Start the copy at the line containing "Casa à venda com 280m², 6 quartos e 3 vagas Casa" and run it through the last line of the records. Repeat each line exactly; omit pictures.

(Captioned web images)
[Start of section]

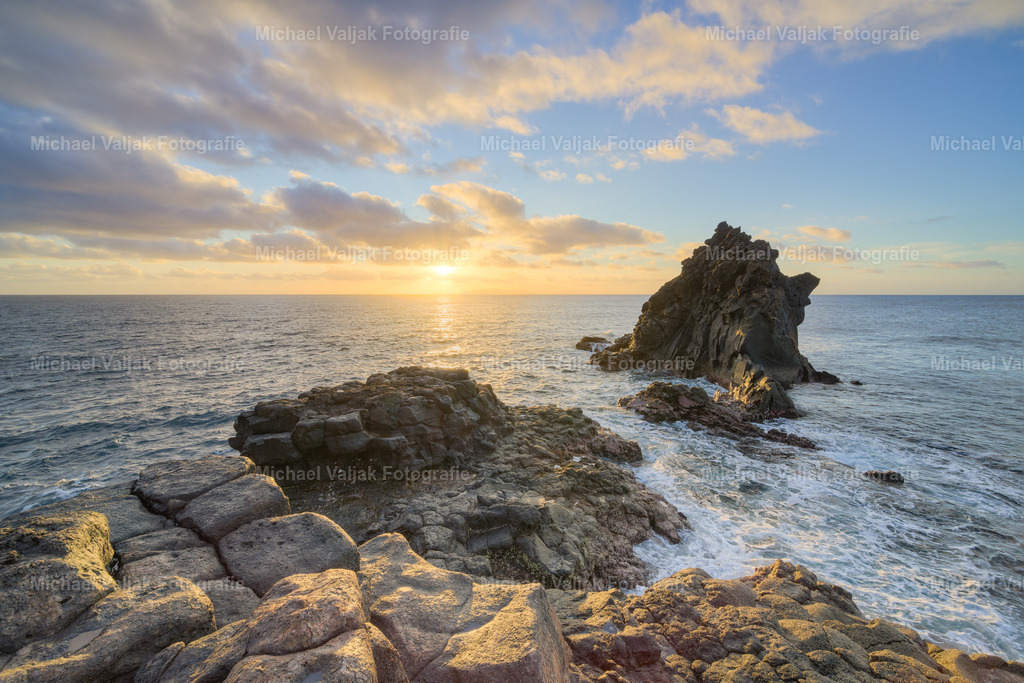 Ilhéu de Santa Cruz | Wenn der erste Lichtschimmer des Tages über den Atlantik tanzt, zeigt sich die Ilhéu de Santa Cruz in einer zauberhaften Kulisse. Dieses kleine, aber markante Felsinselchen vor der Küste von Santa Cruz auf Madeira wird beim Sonnenaufgang in warme Töne getaucht.Die sanften Strahlen der aufgehenden Sonne malen ein Gemälde aus leuchtendem Orange und goldenem Gelb über den Himmel und das ruhige Meer.An diesem friedlichen Ort bietet die aufgehende Sonne nicht nur ein visuelles Spektakel, sondern auch einen Moment der Stille und Einkehr. Das sanfte Rauschen der Wellen und die frische, salzige Meeresbrise erinnern daran, wie lebendig die Welt zu dieser frühen Stunde ist.Ein Sonnenaufgang bei der Ilhéu de Santa Cruz ist mehr als nur ein Anblick – es ist ein Erlebnis. Er lädt dazu ein, die Magie eines neuen Tages zu spüren und sich von der Natur inspirieren zu lassen. - Realisiert mit Pictrs.com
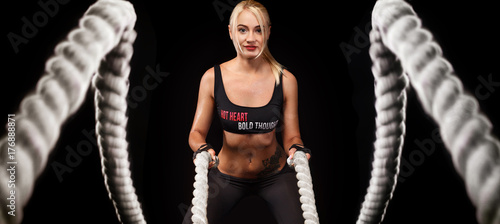 Battle ropes session. Attractive young fit and toned sportswoman working out in functional training gym doing crossfit exercise with battle ropes. Fitness and workout motivation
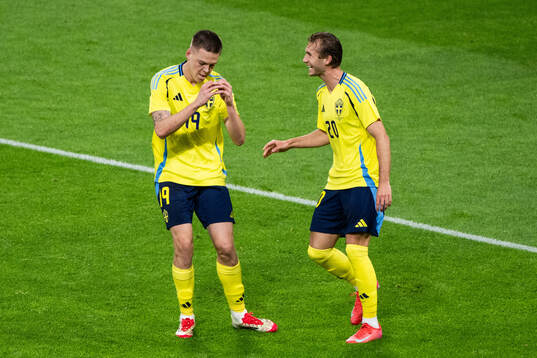 Emil Holm and Benjamin Nygren of Sweden celebrate after 1-0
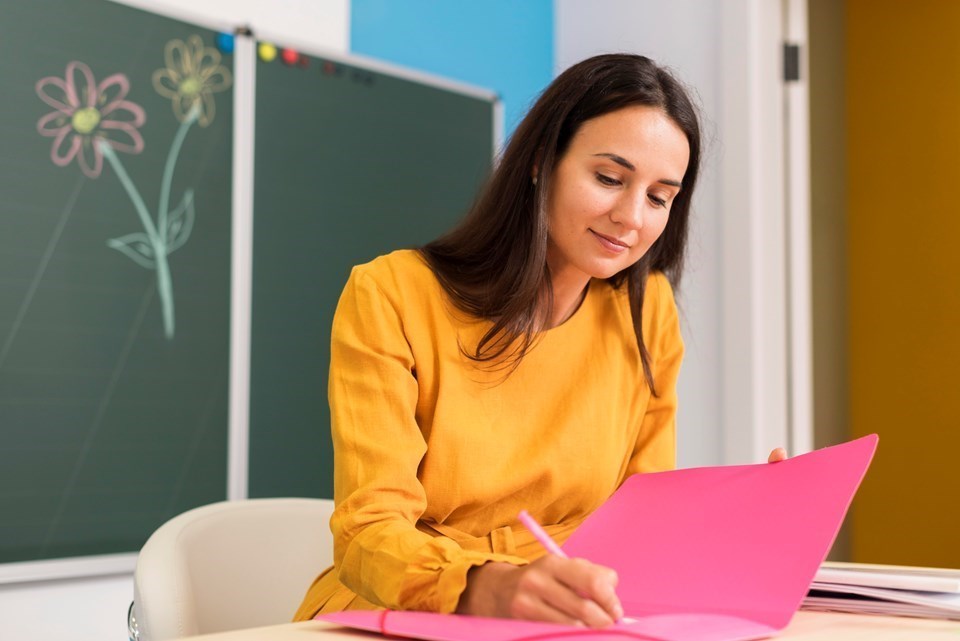 smiley-teacher-taking-notes-1-1-1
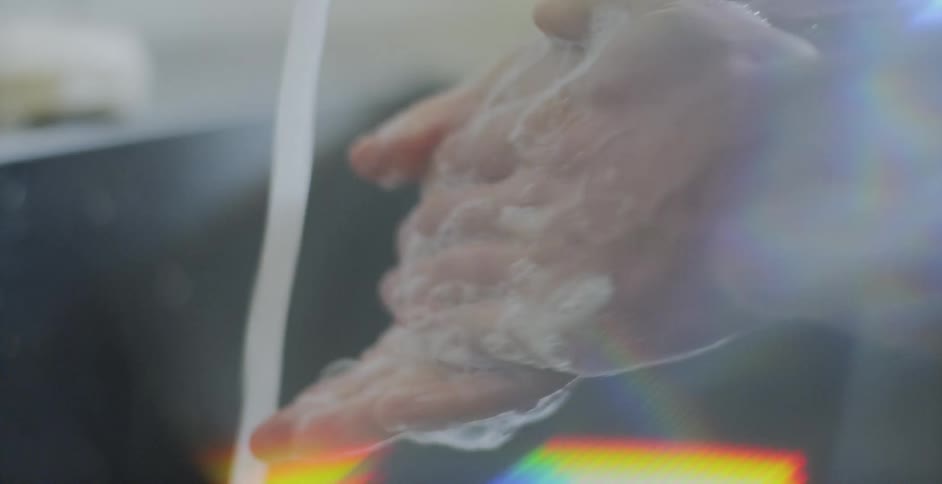 A person washes their hands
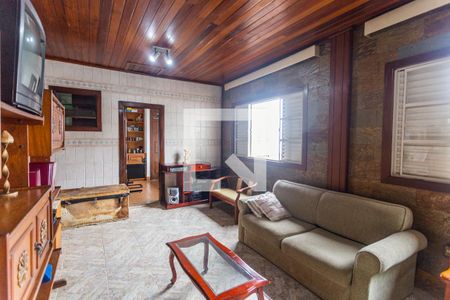 Casa à venda com 280m², 6 quartos e 3 vagas Casa à venda com 280m², 6 quartos e 3 vagasSala da Casa dos Fundos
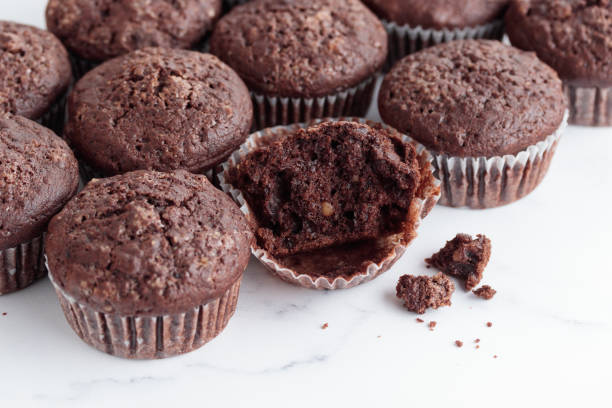 istock Pile of chocolate muffins on a white background 1388890407
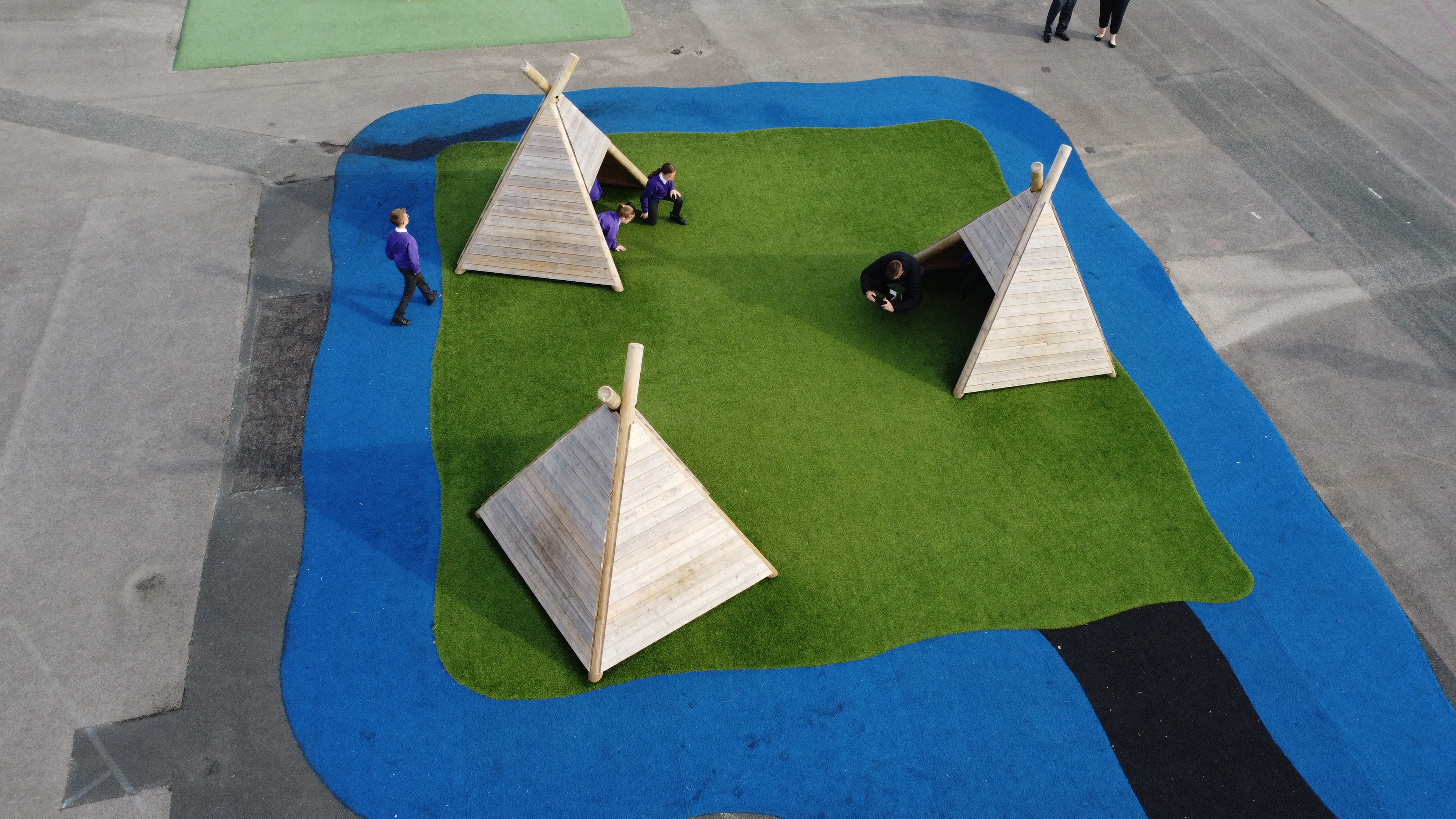 A safeturf surface with Wigwams on top of it. The Saferturf has been laid in the design of an island surrounded by water.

[End of section]

_Written response_.
 Casa à venda com 280m², 6 quartos e 3 vagas Casa à venda com 280m², 6 quartos e 3 vagasSala da Casa dos Fundos
 istock Pile of chocolate muffins on a white background 1388890407
 A safeturf surface with Wigwams on top of it. The Saferturf has been laid in the design of an island surrounded by water.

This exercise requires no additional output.